In an exclusive interview, the Australian writer-philosopher Russell Blackford speaks about the recently published collection of essays–“50 Voices of Disbelief-why we are atheists”. The link follows:–

 

My interview with D.J. Grothe is now available.

From the intro on the site:

In this interview with D.J. Grothe, Russell Blackford explains the need for 50 Voices of Disbelief. He argues that there can be no more important question than whether religion and faith deliver on their promises. He explores whether religion will persist. He contends that religious leaders are not our society’s moral leaders. He discusses a number of contributed essays in the 50 Voices collection, such as James Randi’s, entitled “A Magician Looks at Religion,” which explores how a background in magic may inform one’s understanding of religion, and Peter Adegoke’s essay, which argues that religion is impeding Nigeria’s social, economic and scientific progress.

He talks about how the book includes contributions from people all over the world and from every continent, except Antarctica. He discusses essays by Sumitra Padmanabhan and Prabir Ghosh that explore the harms that religion cause in India, and alternatives to religion, such as humanism. He talks about how the diversity of views in the essay collection show that there is “no party-line of atheism.” He comments on essays by psychologist and parapsychologist Susan Blackmore (“Giving Up Ghosts and Gods”), and philosopher Philip Kitcher (“Beyond Disbelief”). He discusses recent controversies over CFI’s International Blasphemy Day, and opposing views of Paul Kurtz and Ron Lindsay regarding criticism of religion, and whether “moderate religion” should be criticized or viewed as an ally to advance secular, pro-science values. He talks about the relationship between atheism and progressive social values. And he argues that religion should not be allowed to remain private, and therefore beyond public scrutiny and critique.

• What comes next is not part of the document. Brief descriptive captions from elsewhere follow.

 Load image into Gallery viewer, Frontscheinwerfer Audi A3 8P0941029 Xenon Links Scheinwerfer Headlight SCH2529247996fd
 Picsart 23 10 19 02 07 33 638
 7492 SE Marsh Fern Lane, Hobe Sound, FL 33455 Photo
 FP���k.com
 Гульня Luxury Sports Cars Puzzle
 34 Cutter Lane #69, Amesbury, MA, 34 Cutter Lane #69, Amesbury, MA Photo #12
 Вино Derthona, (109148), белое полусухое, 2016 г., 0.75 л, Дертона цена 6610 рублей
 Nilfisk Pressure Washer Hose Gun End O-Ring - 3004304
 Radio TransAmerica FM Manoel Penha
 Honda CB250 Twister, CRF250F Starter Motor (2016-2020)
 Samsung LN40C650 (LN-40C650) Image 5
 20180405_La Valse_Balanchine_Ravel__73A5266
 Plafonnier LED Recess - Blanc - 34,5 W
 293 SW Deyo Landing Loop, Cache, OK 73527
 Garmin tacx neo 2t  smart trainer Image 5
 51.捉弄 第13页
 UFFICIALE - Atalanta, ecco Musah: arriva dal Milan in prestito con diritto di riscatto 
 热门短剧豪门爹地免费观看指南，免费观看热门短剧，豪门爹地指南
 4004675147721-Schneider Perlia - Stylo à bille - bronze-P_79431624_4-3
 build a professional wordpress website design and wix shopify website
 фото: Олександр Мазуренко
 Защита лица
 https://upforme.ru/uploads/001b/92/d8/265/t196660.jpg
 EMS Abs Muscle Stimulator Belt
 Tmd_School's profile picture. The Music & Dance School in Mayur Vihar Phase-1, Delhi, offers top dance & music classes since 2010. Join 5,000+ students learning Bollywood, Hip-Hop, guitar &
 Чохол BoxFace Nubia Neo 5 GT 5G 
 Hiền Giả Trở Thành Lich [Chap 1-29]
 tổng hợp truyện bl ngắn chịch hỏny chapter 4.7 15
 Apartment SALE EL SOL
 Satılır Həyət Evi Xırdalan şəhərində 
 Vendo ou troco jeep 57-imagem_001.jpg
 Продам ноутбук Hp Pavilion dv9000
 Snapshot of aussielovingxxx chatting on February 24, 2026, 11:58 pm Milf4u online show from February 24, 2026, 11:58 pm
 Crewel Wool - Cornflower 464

Just one point of qualiifcation that I’ll make, as somebody raised it at RichardDawkins.net. I think that DJ in the last sentence above, means “religion should not be allowed to hide from public criticism”; i.e., he doesn’t mean “religion should be allowed to exercise political power”. I’m sure he doesn’t believe the latter or think that I do.

It was an enjoyable experience doing this interview, and a great opportunity to communicate to a different and larger audience. My thanks to DJ Grothe and others at Point of Inquiry. I hope the result is enjoyable and illuminating.